=== Begin Enclosure ===

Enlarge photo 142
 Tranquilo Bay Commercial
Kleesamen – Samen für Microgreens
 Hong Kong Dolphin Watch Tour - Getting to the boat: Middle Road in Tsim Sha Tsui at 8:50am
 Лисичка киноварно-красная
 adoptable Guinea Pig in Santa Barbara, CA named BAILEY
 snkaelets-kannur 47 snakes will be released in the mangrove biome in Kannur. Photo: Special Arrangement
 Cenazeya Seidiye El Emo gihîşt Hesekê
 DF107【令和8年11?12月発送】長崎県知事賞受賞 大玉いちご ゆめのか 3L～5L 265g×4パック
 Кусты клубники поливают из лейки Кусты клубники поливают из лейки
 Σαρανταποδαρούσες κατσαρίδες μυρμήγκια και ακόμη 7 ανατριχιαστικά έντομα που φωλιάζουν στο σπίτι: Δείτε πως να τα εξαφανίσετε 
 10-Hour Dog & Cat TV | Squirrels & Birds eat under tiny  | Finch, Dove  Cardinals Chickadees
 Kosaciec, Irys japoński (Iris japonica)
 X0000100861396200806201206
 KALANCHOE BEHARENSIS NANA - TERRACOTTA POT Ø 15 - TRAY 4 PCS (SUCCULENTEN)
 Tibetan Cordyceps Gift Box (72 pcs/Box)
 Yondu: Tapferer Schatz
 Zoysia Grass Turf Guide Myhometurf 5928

=== End Enclosure ===

▶ **Activity**:
Reproduce the material above in full, word for word.

▶ **Task output**:
Enlarge photo 142
 Tranquilo Bay Commercial
Kleesamen – Samen für Microgreens
 Hong Kong Dolphin Watch Tour - Getting to the boat: Middle Road in Tsim Sha Tsui at 8:50am
 Лисичка киноварно-красная
 adoptable Guinea Pig in Santa Barbara, CA named BAILEY
 snkaelets-kannur 47 snakes will be released in the mangrove biome in Kannur. Photo: Special Arrangement
 Cenazeya Seidiye El Emo gihîşt Hesekê
 DF107【令和8年11?12月発送】長崎県知事賞受賞 大玉いちご ゆめのか 3L～5L 265g×4パック
 Кусты клубники поливают из лейки Кусты клубники поливают из лейки
 Σαρανταποδαρούσες κατσαρίδες μυρμήγκια και ακόμη 7 ανατριχιαστικά έντομα που φωλιάζουν στο σπίτι: Δείτε πως να τα εξαφανίσετε 
 10-Hour Dog & Cat TV | Squirrels & Birds eat under tiny  | Finch, Dove  Cardinals Chickadees
 Kosaciec, Irys japoński (Iris japonica)
 X0000100861396200806201206
 KALANCHOE BEHARENSIS NANA - TERRACOTTA POT Ø 15 - TRAY 4 PCS (SUCCULENTEN)
 Tibetan Cordyceps Gift Box (72 pcs/Box)
 Yondu: Tapferer Schatz
 Zoysia Grass Turf Guide Myhometurf 5928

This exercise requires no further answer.